**EXERCISE AIM**
A verbatim reprint of the records below is what this exercise asks for.

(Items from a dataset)
——

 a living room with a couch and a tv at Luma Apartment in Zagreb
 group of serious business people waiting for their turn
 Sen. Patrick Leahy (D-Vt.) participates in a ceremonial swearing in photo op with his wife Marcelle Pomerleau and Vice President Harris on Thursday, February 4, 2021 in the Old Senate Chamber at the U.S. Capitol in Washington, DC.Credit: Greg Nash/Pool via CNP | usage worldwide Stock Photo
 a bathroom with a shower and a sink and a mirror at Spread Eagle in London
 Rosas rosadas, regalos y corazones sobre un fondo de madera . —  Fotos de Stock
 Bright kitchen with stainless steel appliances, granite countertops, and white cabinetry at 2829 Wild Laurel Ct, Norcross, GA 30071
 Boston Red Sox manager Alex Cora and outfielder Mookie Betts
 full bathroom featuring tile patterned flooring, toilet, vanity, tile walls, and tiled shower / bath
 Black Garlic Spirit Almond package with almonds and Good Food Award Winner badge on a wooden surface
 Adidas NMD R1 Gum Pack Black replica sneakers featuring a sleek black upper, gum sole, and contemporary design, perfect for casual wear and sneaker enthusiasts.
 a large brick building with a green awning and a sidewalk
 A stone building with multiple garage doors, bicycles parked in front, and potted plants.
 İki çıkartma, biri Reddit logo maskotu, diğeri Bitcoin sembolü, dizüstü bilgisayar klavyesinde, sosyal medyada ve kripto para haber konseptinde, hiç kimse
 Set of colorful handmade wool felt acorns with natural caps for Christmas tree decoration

——

**FINAL ANSWER**
 a living room with a couch and a tv at Luma Apartment in Zagreb
 group of serious business people waiting for their turn
 Sen. Patrick Leahy (D-Vt.) participates in a ceremonial swearing in photo op with his wife Marcelle Pomerleau and Vice President Harris on Thursday, February 4, 2021 in the Old Senate Chamber at the U.S. Capitol in Washington, DC.Credit: Greg Nash/Pool via CNP | usage worldwide Stock Photo
 a bathroom with a shower and a sink and a mirror at Spread Eagle in London
 Rosas rosadas, regalos y corazones sobre un fondo de madera . —  Fotos de Stock
 Bright kitchen with stainless steel appliances, granite countertops, and white cabinetry at 2829 Wild Laurel Ct, Norcross, GA 30071
 Boston Red Sox manager Alex Cora and outfielder Mookie Betts
 full bathroom featuring tile patterned flooring, toilet, vanity, tile walls, and tiled shower / bath
 Black Garlic Spirit Almond package with almonds and Good Food Award Winner badge on a wooden surface
 Adidas NMD R1 Gum Pack Black replica sneakers featuring a sleek black upper, gum sole, and contemporary design, perfect for casual wear and sneaker enthusiasts.
 a large brick building with a green awning and a sidewalk
 A stone building with multiple garage doors, bicycles parked in front, and potted plants.
 İki çıkartma, biri Reddit logo maskotu, diğeri Bitcoin sembolü, dizüstü bilgisayar klavyesinde, sosyal medyada ve kripto para haber konseptinde, hiç kimse
 Set of colorful handmade wool felt acorns with natural caps for Christmas tree decoration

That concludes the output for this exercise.